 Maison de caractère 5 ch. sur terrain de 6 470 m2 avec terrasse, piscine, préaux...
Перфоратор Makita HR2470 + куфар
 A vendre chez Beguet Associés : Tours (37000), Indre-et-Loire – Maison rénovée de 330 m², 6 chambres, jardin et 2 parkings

-- -- --

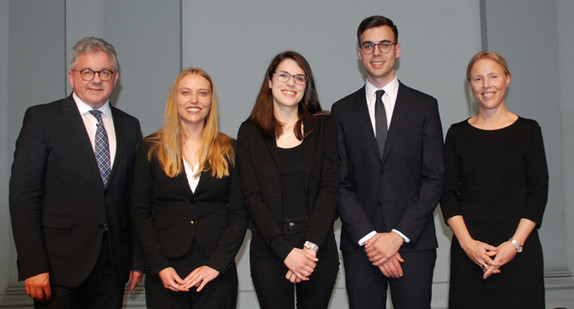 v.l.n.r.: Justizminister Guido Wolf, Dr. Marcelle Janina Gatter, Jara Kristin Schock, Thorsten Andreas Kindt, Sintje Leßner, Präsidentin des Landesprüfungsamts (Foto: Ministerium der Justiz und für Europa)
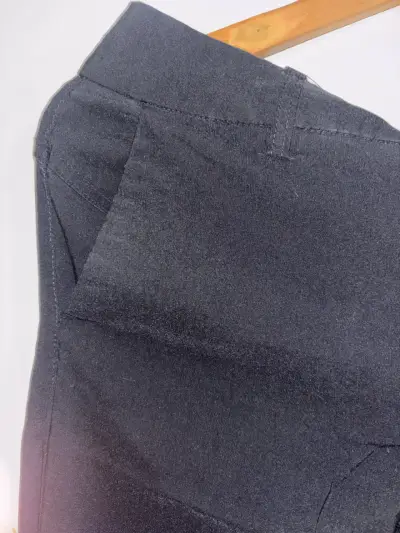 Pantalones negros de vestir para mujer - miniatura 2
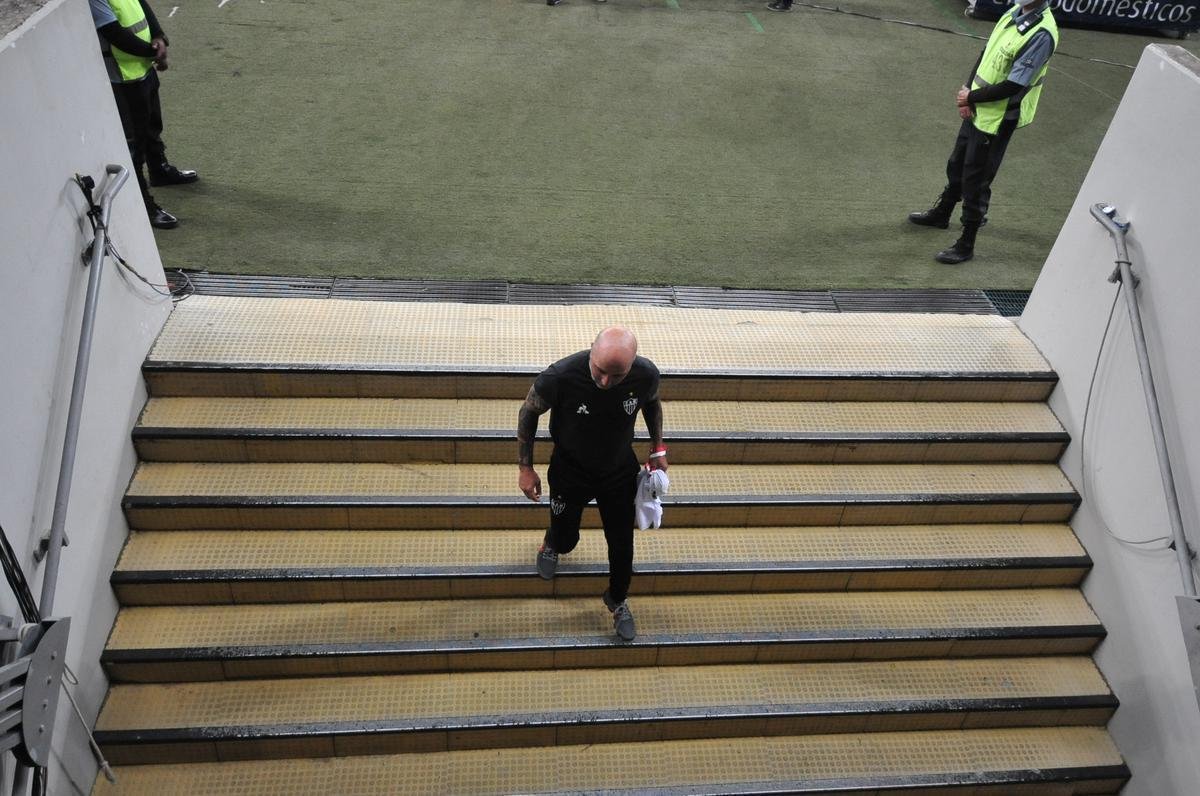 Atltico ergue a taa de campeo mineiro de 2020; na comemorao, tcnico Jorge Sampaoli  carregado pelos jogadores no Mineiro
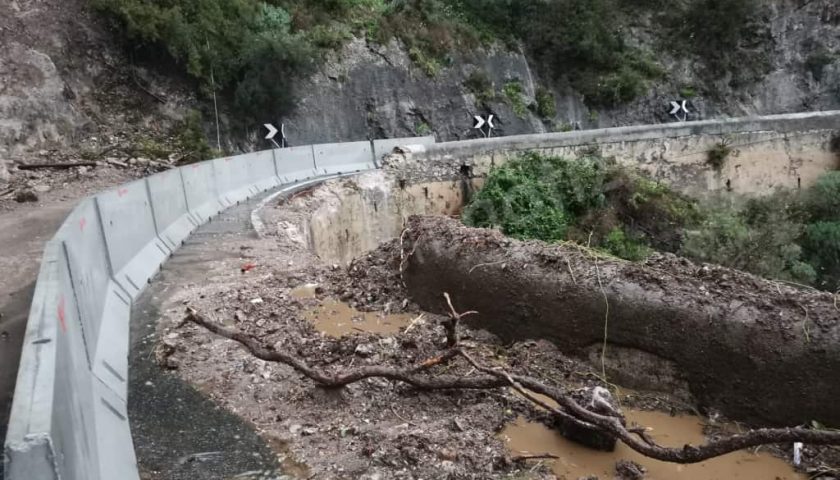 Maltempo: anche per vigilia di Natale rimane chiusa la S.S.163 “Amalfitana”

-- -- --

## Activity
What is needed is a single figure, the number of lines in the entries above that contain "Maison".

## Solution to this exercise
2